Austin–Bergstrom International Airport
|IATA: AUS – ICAO: KAUS – FAA LID: AUS|
|Owner||City of Austin|
|Operator||City of Austin Aviation Department|
|Elevation AMSL||542 ft / 165 m|
FAA airport diagram
|Statistics (2008, 2013)|
|Aircraft operations (2013)||176,647|
|Based aircraft (2008)||196|
|Source: Federal Aviation Administration|
Austin–Bergstrom International Airport or ABIA (IATA: AUS, ICAO: KAUS, FAA LID: AUS, formerly BSM) is a Class C international airport located in Austin, Texas – the capital of Texas, and serving the Greater Austin metropolitan area, the 34th-largest metropolitan area in the United States. Located about 5 miles (8 km) southeast of Downtown Austin, it covers 4,242 acres (1,717 ha) and has two runways and three helipads. The airport is named after Captain John August Earl Bergstrom, an officer who served for the 19th Bombardment Group.

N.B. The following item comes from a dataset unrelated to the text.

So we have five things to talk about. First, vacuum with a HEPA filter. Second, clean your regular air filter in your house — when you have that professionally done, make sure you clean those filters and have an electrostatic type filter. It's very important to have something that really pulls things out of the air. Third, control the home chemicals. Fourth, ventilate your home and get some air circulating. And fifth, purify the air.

A total of 10,017,958 passengers traveled through the Austin–Bergstrom International Airport in 2013, an all-time high and the first year that more than 10 million people used the airport. The airport is now the 36th busiest airport for total passengers in the United States. Annual passenger total in 2013 increased by 4%, or 587,644 passengers, from the previous record year of 2012. 2013 also saw the addition of Allegiant Air and Aeromar as carriers and the announcement of British Airways' new route to London Heathrow beginning in March 2014, Austin's first transatlantic service.

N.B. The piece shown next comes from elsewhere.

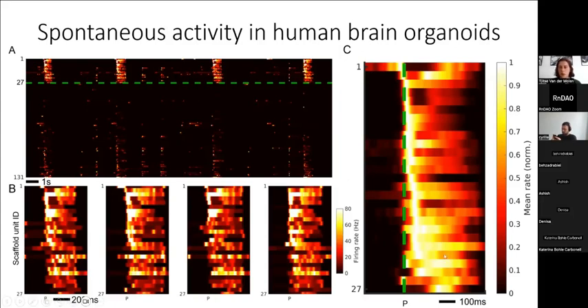Averaging over all bursts for the most consistent neurons, you see that often the same neuron starts each burst, some neurons follow right after, and then toward the end other neurons become active for prolonged periods. This is always how a burst unfolds.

Austin–Bergstrom International Airport is located on the old site of Bergstrom Air Force Base. Austin–Bergstrom replaced Austin's Robert Mueller Municipal Airport, opening to the public on May 23, 1999.
The city began considering options for a new airport as early as 1971, when the Federal Aviation Administration proposed that Austin and San Antonio build a joint regional airport. That idea was rejected, as few Austinites supported driving half way to San Antonio to catch a flight. In the 1980s, neighborhoods around Mueller applied enough political pressure to force the city council to choose a site for a new airport from locations under consideration. In November 1987, voters approved a referendum designating a site near Manor. The city began acquiring the land and fighting lawsuits from the Sierra Club and others concerned about the Manor location. The plans to construct a new airport at the Manor location were abandoned in 1991 when the Base Realignment and Closure Commission selected Bergstrom AFB for closure, and gave the nod to the city for it to be used as a civilian airport.
The first officially sanctioned landing field in Austin was Penn Field. At the Chamber of Commerce's behest, a United States Army delegation came to Austin in 1917 to scout out suitable sites for an airfield to serve the region. After the initial suggestion of Camp Mabry was rejected, a 318-acre (1.29 km2) parcel of land just south of St. Edward's University in South Austin was deemed suitable. Penn Field opened in 1918, named after Austin aviator Eugene Doak Penn, who died while training in Italy during World War I.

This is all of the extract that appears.